Power corrupts, absolute power corrupts absolutely, and Propaganda is an effective tool to shift the narrative...
Casino Capitalism is a grift!
This is what is needed. Clear, concrete discussion, with data to back it up, of how the “ economists” have “cooked the books” to continue to explain away the reality of what is actually going on. This is what people need to hear, and see. Then people can begin to understand exactly how they’ve been screwed.
All true, but here is another aspect of the problem you need to address. Even if the insanity of hedonics made sense, it doesn't matter.
In a democracy the demos, the people, have to benefit fairly from the increase in national wealth.
If everybody is living well and has plenty of housing and healthcare and education, WHICH IS ABSOLUTELY NOT THE CASE NOW, but even if that were the case, a democracy still can't function for very long if the wealth created by the whole society accumulates mostly at the top.
No society will believe in democracy for very long if it exists to enrich the few. Democracy is about making things better for the people, when it serves only the few, then, pretty much by definition, it will start self destructing.

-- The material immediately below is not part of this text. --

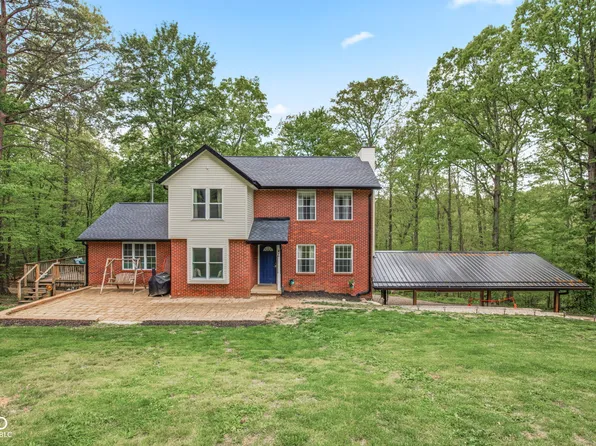 6804 Erika Ln, Nashville, IN 47448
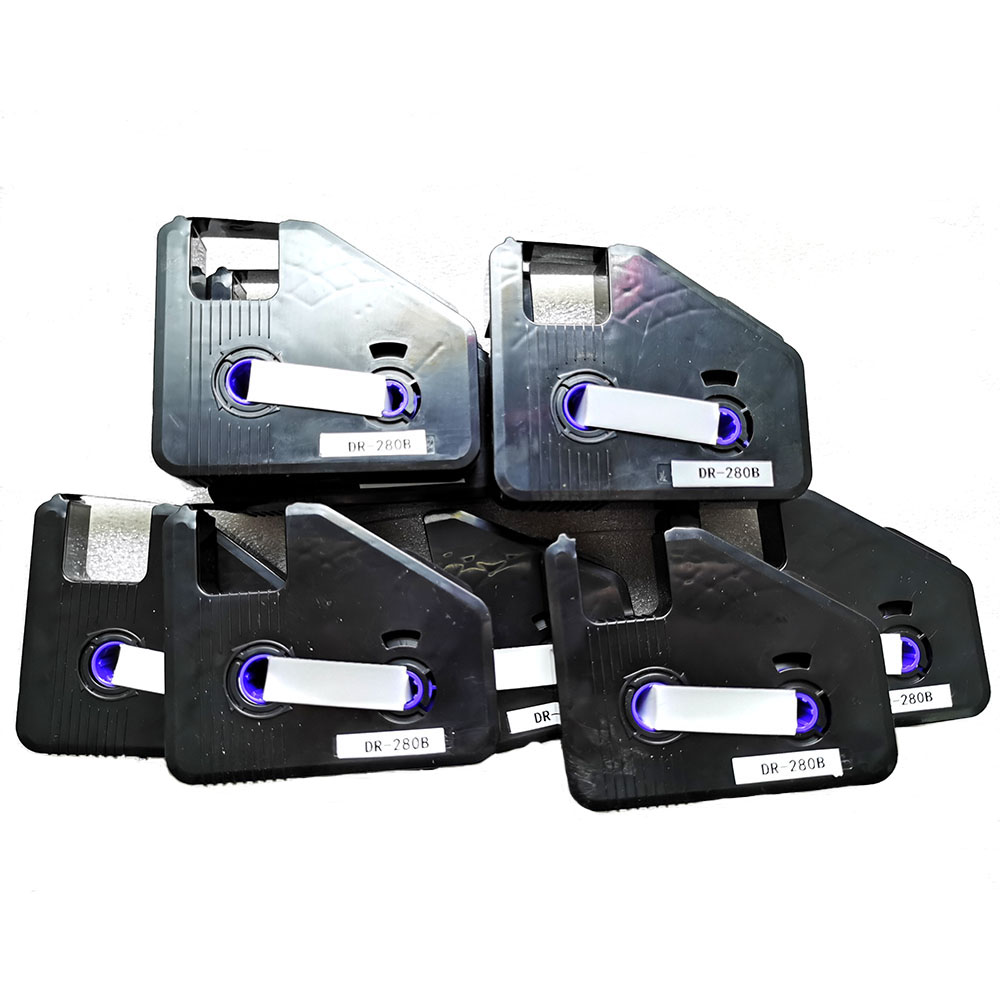 5PCS Ink Ribbon Cassette DR-28 - Typewriter Ribbon Roll 评论和价格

I would say that democracy is simply a tool for every adult member of a community or nation to share political power equally. Representative democracy is just another system of rule by an elite class not democracy.
When you have money in politics to the extent the US has—funding campaigns before elections or funding special interest lobby groups after them—you can call this a kleptocracy, a plutocracy, an oligarchy or in plain English an auction, but by definition you cannot call it a democracy.
@VermontRobbyPorter like never before have young adults faced a future of such bleak uncertainty—the inability to own a home, support a family or retire comfortably—despite being born into a wealthy Western country. Their discontent stems not from greed, but from the stark reality that each new generation faces greater challenges than the last. How does this align with the notion of progress? What's the point of a country’s riches if each succeeding generation endures greater hardships?
Among the younger generations, a growing disillusionment prevails—a quiet yet profound realisation that the system they inherited neither disperses power equitably, safeguards individual liberties, nor makes a palpable effort to prevent individual disenfranchisement. What they value, with fervent clarity, are peace and security, economic sustainability, and a future rooted in restored international relationships. These priorities stand in stark opposition to the trajectory of Western politics as it has unfolded over the past seven decades, rendering the political establishment's promises hollow in their eyes.
I encourage you to take a look at the column I wrote over the weekend:
https://typerider.substack.com/p/the-failure-of-fiction?r=2ywal
I've tried telling people for years the way we measure economic success is more by the bottom line of corporations than anything and that doesn't actually show what our real economy is like. If you take all the criteria in this article, instead, it will show the true picture of an economy in the toilet. Maybe it would have worked back when the companies spread the wealth to the employees and CEOs and owners had a reasonable piece of profits while sharing it with those that made them the money, but it doesn't when CEOs make 400%, 500%, or more than the average person that actually does the work and makes the money.